Even he becomes reconciled to his brother’s gayness – well, more or less – when he comes to understand that gay boys flirt around school just the way straight boys do. Surprise!

You’ll encounter Missy at school with the ‘ugly freckle-face’ who tells her things about her brother; follow Donnie and his attempts to end up being, as he puts it: “the best debater, the best actor, the best set designer, and – if only Reggie will let me – the best male cheerleader the school has ever seen. And I’ll have a poem published in English Alive, you’ll see!”

Enjoy the game of Guy-Spy (‘… with my little eye’) that Donnie and Missy play in the malls and while watching the World Cup soccer. Listen to the sound advice Donovan gives his mother to pass on to a young gay work colleague who is having trouble countering the Bible brandishing of his religious family.

See what happens when Donnie brings his first boyfriend home to ‘meet the folks!’ And what happens to them on the train to town. All of that forms part of the first half of My ‘Funny’ Brother.

In the second part of the book, however, something happens that isn’t funny at all…

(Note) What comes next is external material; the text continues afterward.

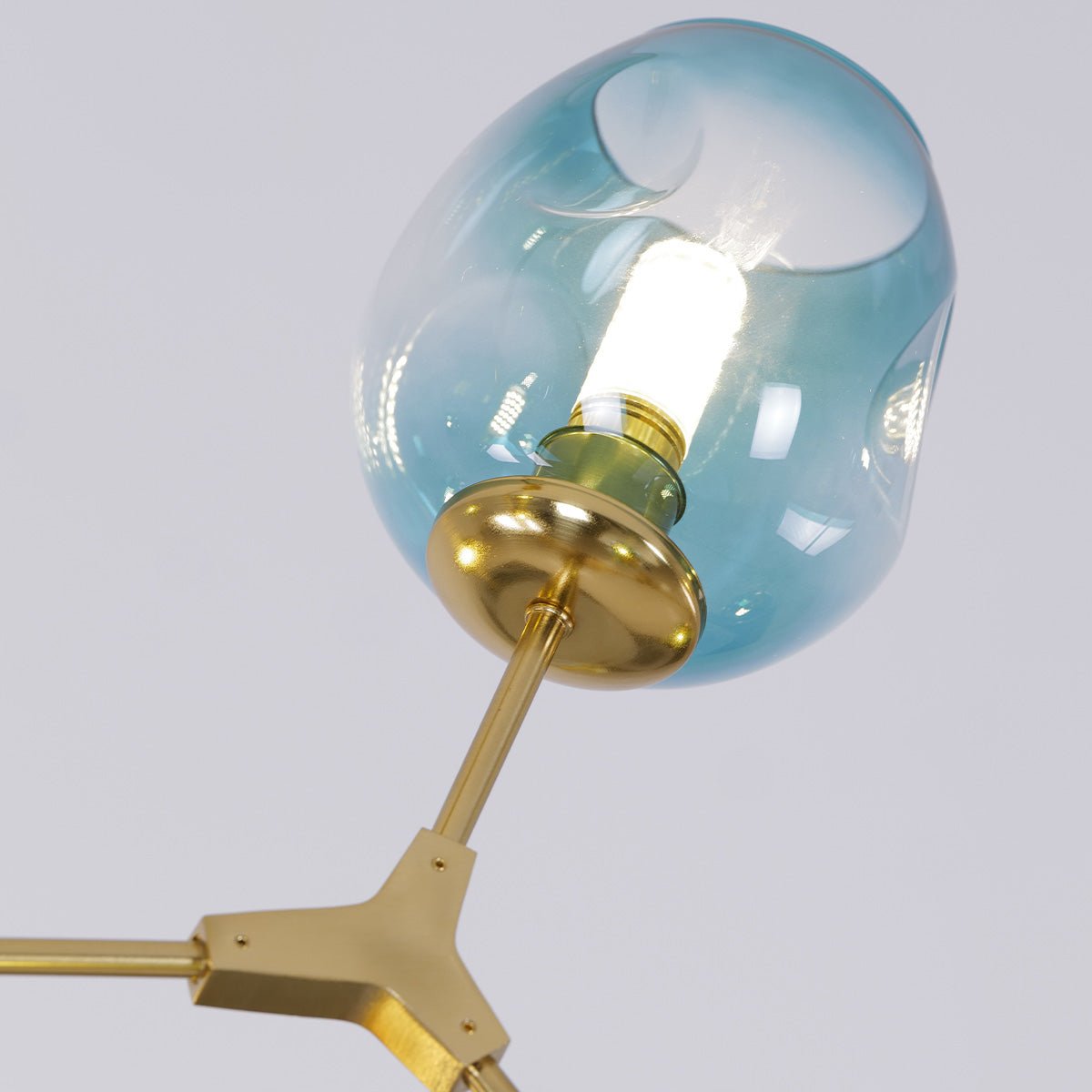 Retro Loft Chandelier – Gold & Black Industrial Ceiling Light with Glass Globes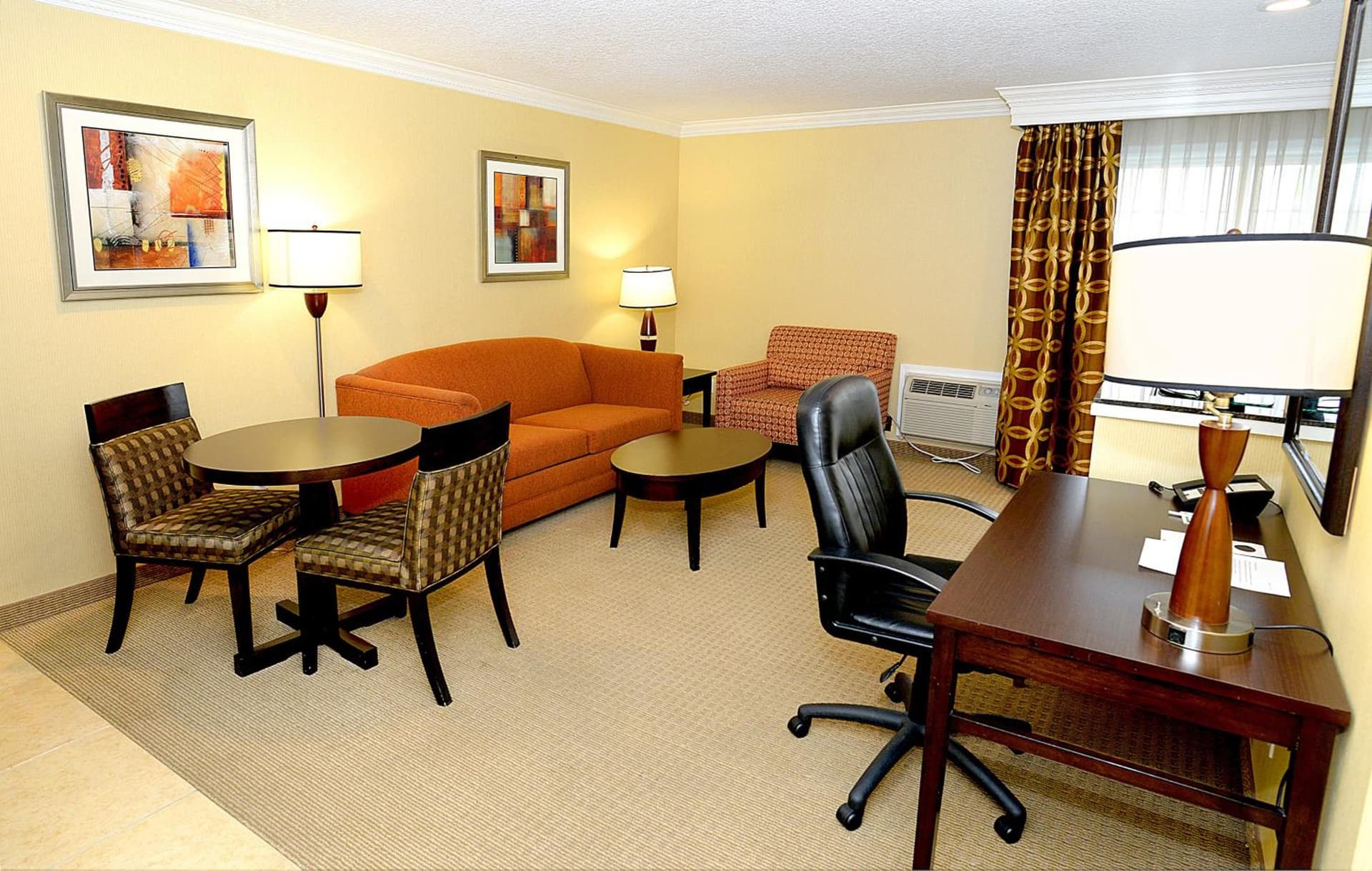 Holiday Inn & Suites San Mateo - SFO by IHG gallery photo in San Mateo, CA — image 5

When asked what kind of impact he’d like the book to have on its readers, Malan replies: “Basically, what one’s doing is telling a story, and it’s up to the story to do its job of affecting the readers. I would hope that, by reading this story, a bit more understanding of one another would emerge. It’s not going to change the world; but it might just shift the thinking of a few people.”

Malan bristles at any suggestion that he had to make compromises or have any other considerations by including gay characters in a teen novel.

“You write the character the way you write the character. I see absolutely no reason why I should compromise in any way,” he says. “I don’t have to ‘make allowances’ for the characters who are gay, or for the fact that most readers are likely to be straight. I approached writing my gay lead character exactly the same way I would do a straight character.”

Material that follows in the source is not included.